Portal and semi portal level luffing cranes once served timber and steel framed wharf sheds, all but three of which have been demolished. The oldest, dating from 1913, were along the eastern edge and were purported to have been dismantled for future restoration of the central pier sheds, two of which survive. All the cranes have been removed but crane rails survive on some wharf aprons.

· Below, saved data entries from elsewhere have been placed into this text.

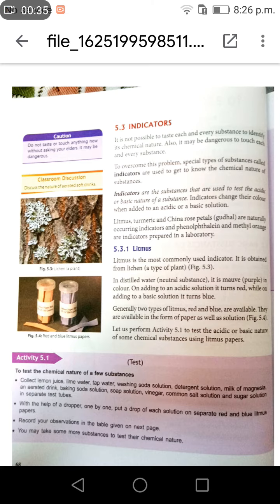Litmus is the most commonly used indicator. It is obtained from lichen, a type of plant. In distilled water, it is a neutral substance and appears mauve or purple in color. On adding to an acidic solution, it turns red, while on adding to a basic solution, it turns blue.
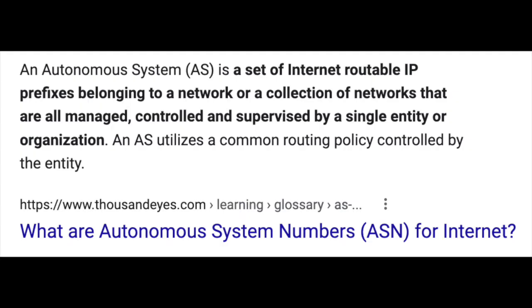AS — Autonomous System. An Autonomous System is a set of internet-routable IP prefixes belonging to a network or collection of networks that are all managed, controlled, and supervised by a single entity or organization.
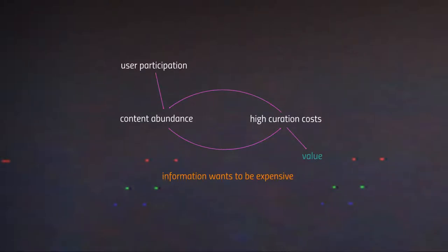Systems improve the more people use them. While storage costs dramatically fall due to user participation and content abundance, curation costs behave very differently: the more content floating around the network, the harder it is to find the specific actionable content needed. Hence high curation costs — that's where the value proposition lies. This ties back to Stuart Brand's dictum: information wants to be free, but it also wants to be expensive.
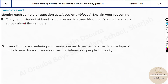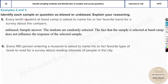Every 10th student at band camp is asked to name his or her favorite band for a survey about campers. This is not biased because you are randomly choosing the 10th student. The sample is selected at band camp and does not influence the response of those selected. You are just asking random students at camp — it's unbiased.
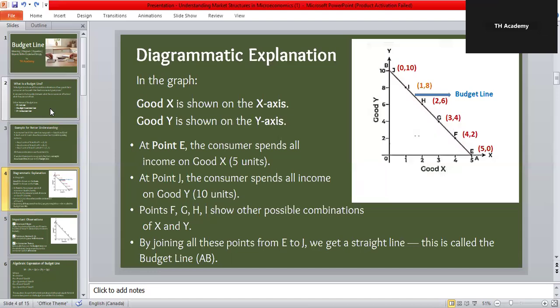The line is downward sloping because if you decide to buy more of good X you will have less money left for good Y, and if you buy more of good Y you have to give up some of good X. This trade-off is what the budget line shows visually. On the graph, the X-axis shows good X and the Y-axis shows good Y. At point E the consumer spends all income on good X; at point J they spend all income on good Y.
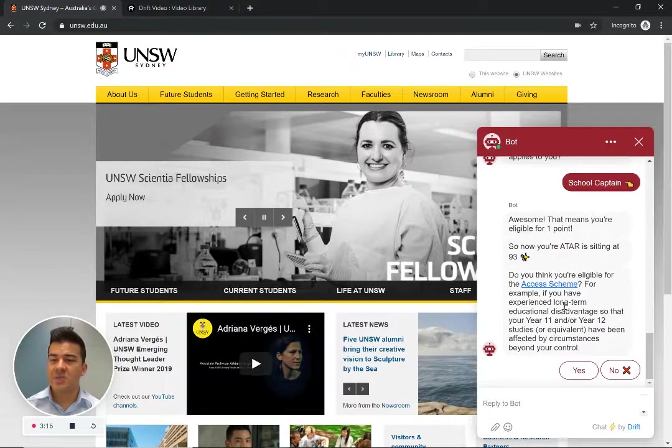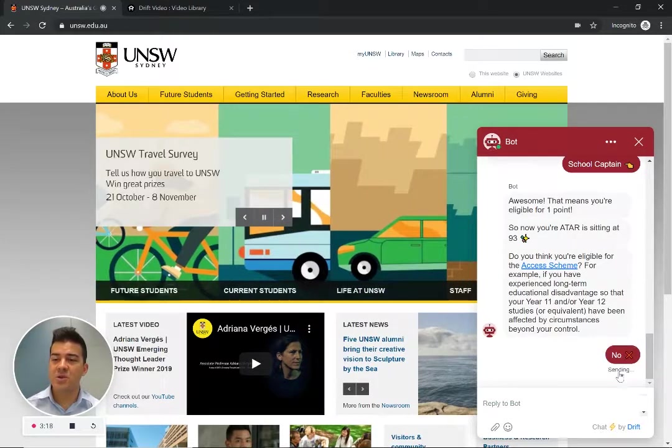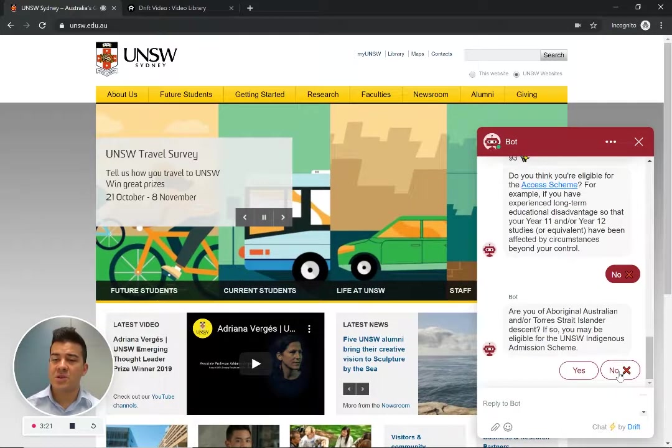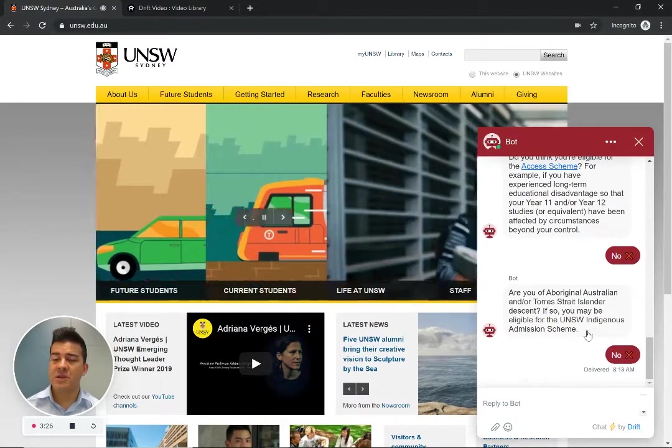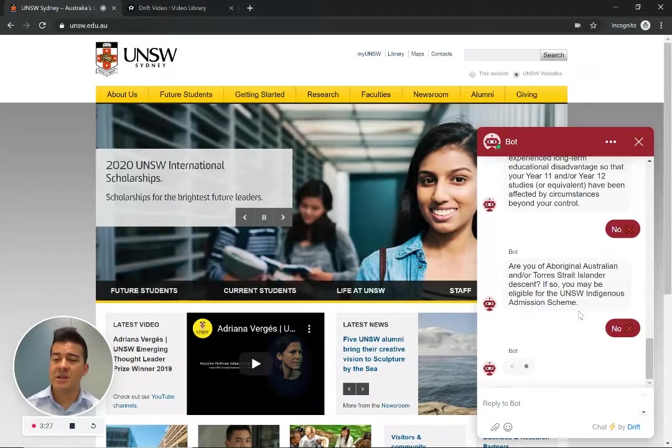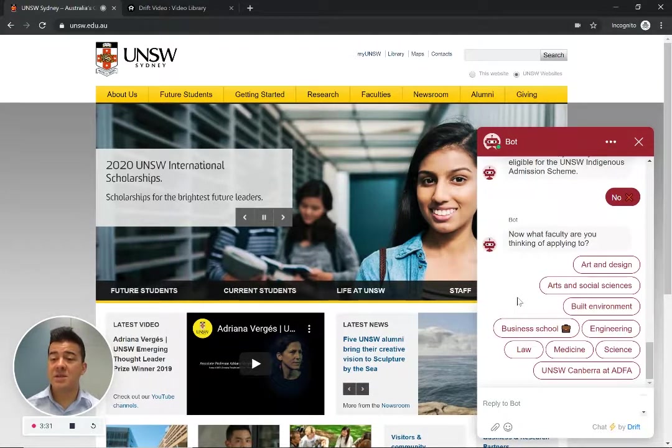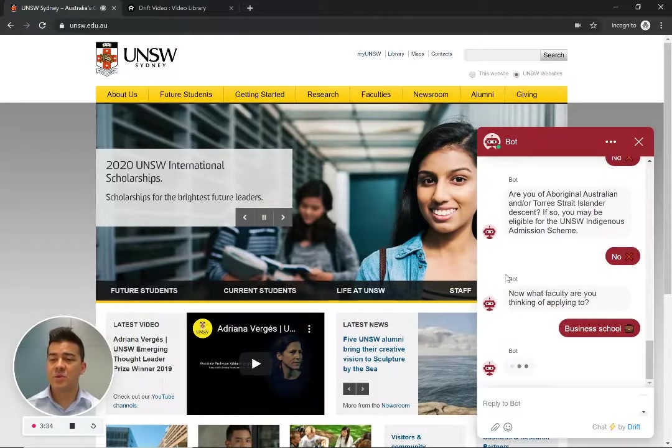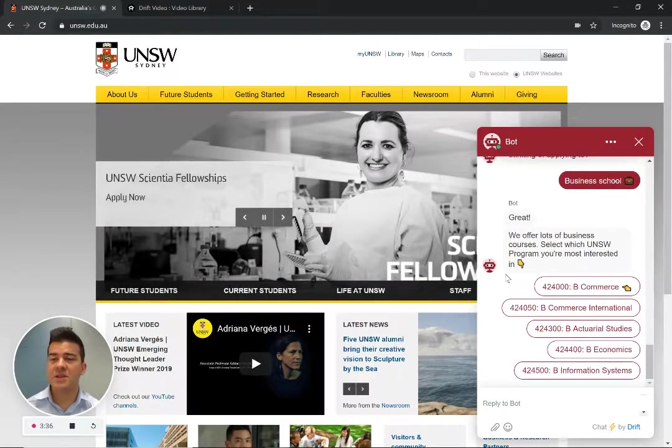Am I eligible for access schemes? Let's say no. Am I of Aboriginal descent? No. And now it's going to ask me what type of school I'm trying to get into. So let's pick business school.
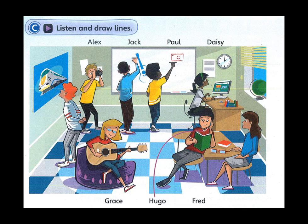At our school. Look at the picture. Listen and look. There is one example.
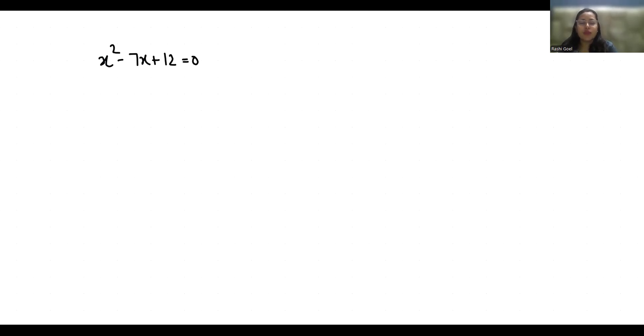We can use multiple methods to solve this quadratic equation but I am going to use the middle term split method.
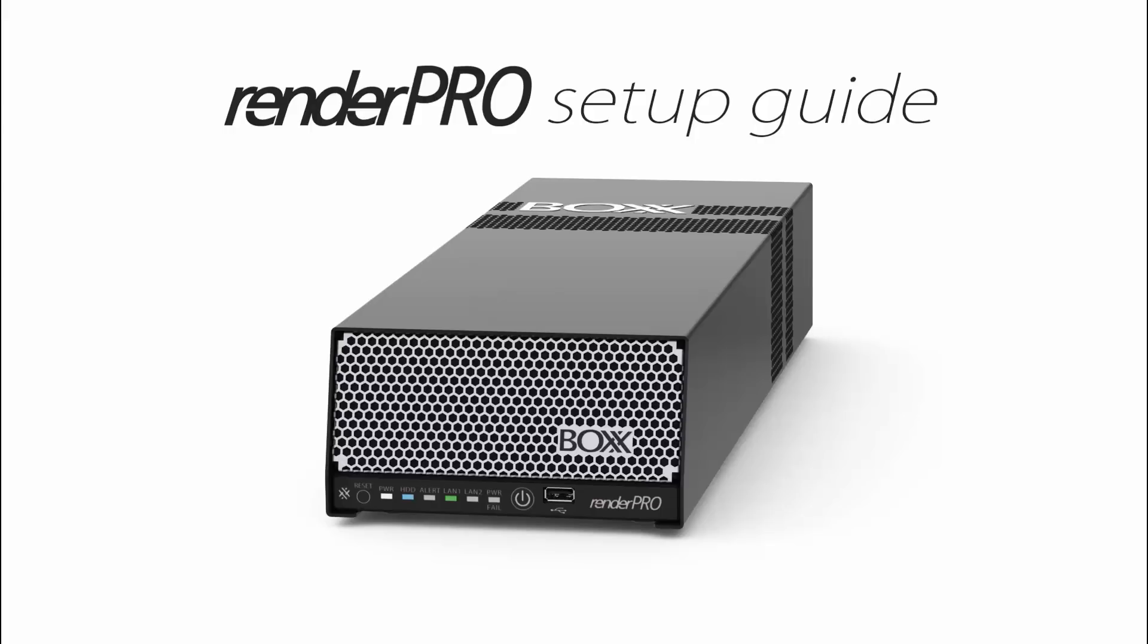Welcome to the RenderPro Setup Guide. This video will walk you through how to make the machine ready for first use and submit jobs for network rendering. Topics covered will include the following.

In the 1950s the dock handled over two million tons of cargo annually, increasing to 20 million revenue tons annually by the mid-1980s. However, increases in container shipping and the move of the one roll-on roll-off berth led to its abandonment for commercial shipping, and subsequent reuse of the area for development.

The dock is included on the Victorian Heritage Register (VHR H1720) and National Trust Register and is considered to be of Local, State, National and International significance.

Coode Canal and Victoria Dock received an Engineering Heritage Marker from Engineers Australia as part of its Engineering Heritage Recognition Program.